The opener ‘Ritual’ and one from later in the release, ‘Tribe’, both employ long bouts of hypnotic rhythms that weave in and out of house dips, but never become bogged down by them. ‘The Birds’ pairs suspenseful flutes with bassy percussion, whilst ‘Scintillating’ travels up the scale for a melodic exploration with light vocal motifs dotting this track. ‘Outside’ uses similar tactics to ‘Scintillating’, but it’s syncopation that defines this one. ‘Flow’ is 15 minutes of ‘neo-exotica’, with melody and soft shakes defining this beautifully crisp number. ‘Middle East’ has the hard task of closing out the EP, but it rounds it all out perfectly. Guttural chimes and quiet field recordings dot this ambient number, closing out one of the label’s strongest and most poignant releases.
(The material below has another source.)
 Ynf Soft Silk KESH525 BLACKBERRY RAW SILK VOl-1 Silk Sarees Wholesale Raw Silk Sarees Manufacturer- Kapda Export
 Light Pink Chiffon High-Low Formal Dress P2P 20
GCR‘s seventh release comes in from Roza Terenzi, arguably one of the most exciting names in electronic music right now. The label put out her first EP The O.G., and it comes ‘doof approved’.
The EP’s opener, ‘The Right Zone’ promises a long, winding bout of electro, tying in an exploration of jumpy acid, low-flung vocal stings and non-invasive percussion. ‘Yeh Yeh Yeh’ sits nicely in the middle, continuing on the same train of electro, but putting the focus onto the crisp hi-hats, slight rim hits, that sweet, high-octave synth and the pulsing vocal edit underneath it all. ‘Higher Place’ really does take you to another place, employing a sliding laser-like sound with punchy snares, ambient chords and in-your-face subs that work hard to drive this one home. The EP rounds out with the perfect Sunday morning comedown from Vancouver’s Jayda G, one that sees her meld all three of the tracks on the EP together for a piano-led house number.
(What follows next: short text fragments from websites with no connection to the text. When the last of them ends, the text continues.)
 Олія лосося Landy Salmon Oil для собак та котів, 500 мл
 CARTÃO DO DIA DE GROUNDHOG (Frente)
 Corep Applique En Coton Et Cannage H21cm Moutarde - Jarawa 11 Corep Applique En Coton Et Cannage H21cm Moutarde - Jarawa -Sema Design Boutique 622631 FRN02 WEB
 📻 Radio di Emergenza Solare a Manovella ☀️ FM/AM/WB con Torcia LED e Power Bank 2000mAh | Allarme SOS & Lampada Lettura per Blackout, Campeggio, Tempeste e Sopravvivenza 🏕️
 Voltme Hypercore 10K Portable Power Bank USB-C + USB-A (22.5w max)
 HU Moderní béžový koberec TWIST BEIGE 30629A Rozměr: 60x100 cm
In 2018, GCR put out their eighth release – some gritty gear that came in from Ginoli. The Untitled EP was put out with Motor Works as a custom soundtrack for a luxury offering designed and built by local James Ireland.
The five-track styling drives through the uptempo funk of opener ‘Wild Hall’ and makes a pit stop at ‘Cannoli’ for some lightly ascending bass, quiet vocal yells and dream-like chords. The next scheduled stop is at the sonic beatdown of ‘Carma’, then you’ll find yourself winding through an undulating exploration of bass on ‘Tek G’ and finally, drive straight into the unknown on ‘Untitled’. This one aptly closes the record, with beautifully cinematic strings, a squelchy bassline and sultry pianos dancing in the backdrop.
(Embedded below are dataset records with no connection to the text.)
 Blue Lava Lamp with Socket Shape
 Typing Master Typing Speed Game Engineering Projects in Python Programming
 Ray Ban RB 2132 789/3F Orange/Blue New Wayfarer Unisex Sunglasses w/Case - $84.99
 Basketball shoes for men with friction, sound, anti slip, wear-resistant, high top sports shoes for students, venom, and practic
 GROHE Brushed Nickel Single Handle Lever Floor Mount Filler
Reflecting on the entirety of the label’s back catalogue, their passion for the underground is evident. They’ve enlisted artists who have delivered house, techno, disco, electro, ambience and everything in between, but what has remained apparent is the quality of each release. Strong percussion and quirky textures feel like the common ground, and that same sense of minimalism is apparent on each release, but they’ve picked their hand with immense thought – each release representing a diverse intersection of the sounds enjoyed and represented by GCR both URL and IRL.
With eight releases under their belt, years of partying, a physical store to showcase their taste for culture and a community of forward-thinking musicians at their helm, Good Company have over the course of their time together, successfully bolstered something that I feel the west coast of Australia has not really had before – and that’s a global presence.